At 3Cs we would advise all club members to become ECF members (directly through the ECF) if these players are "active" (i.e. play league chess, and a couple of tournament per annum, approx 20 games), obviously being a junior club we would expect there to be a junior rate (say 50%)

And I will reiterate my view, is that if a player plays league chess only then said player would be a part member (discounted rate), all his games are graded in said leagues, if a player thinks he might enter a couple of tournaments in the year, then it is worthwhile him pay a little more so he does pay the non-member fee on entry

I does seem that some chess players want everything on the cheap, if players are only playing a couple of games a year, and decide not to pay membership the ECF aren't really losing that much (say approx £2 per player), so if one player pays £18 in this group it would negate 8 deciding not to bother, does seem to be that major problem

Roger de Coverly
Posts: 21291
Joined: Tue Apr 15, 2008 2:51 pm

Re: The 40 point Rule

Post by Roger de Coverly » Wed Apr 20, 2011 9:40 am

Mike Truran wrote:. A £6 tax would simply increase entry fees by £6 x 6 and £6 x 8 respectively or reduce prize money by a similar amount.

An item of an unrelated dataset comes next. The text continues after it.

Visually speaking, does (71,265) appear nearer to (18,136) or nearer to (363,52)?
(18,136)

I repeat - there is no logical link between an organisation's level of funding and whether or not it should pay an ECF tax.
Exactly. So if the 4NCL won't pay £36 per team or £ 48 per team, the ECF will have to try to extract it directly or indirectly from local clubs.

Neill Cooper
Posts: 1298
Joined: Sun Feb 24, 2008 4:43 pm
Location: Cumbria
Contact:

Re: The 40 point Rule

Post by Neill Cooper » Wed Apr 20, 2011 9:46 am

Adam Raoof wrote:Neill, if the ECF aims to have as many juniors as possible on the grading system and in membership what approach do you think we should take to make that happen? Would it make a difference if juniors paid £10 a head to join the ECF?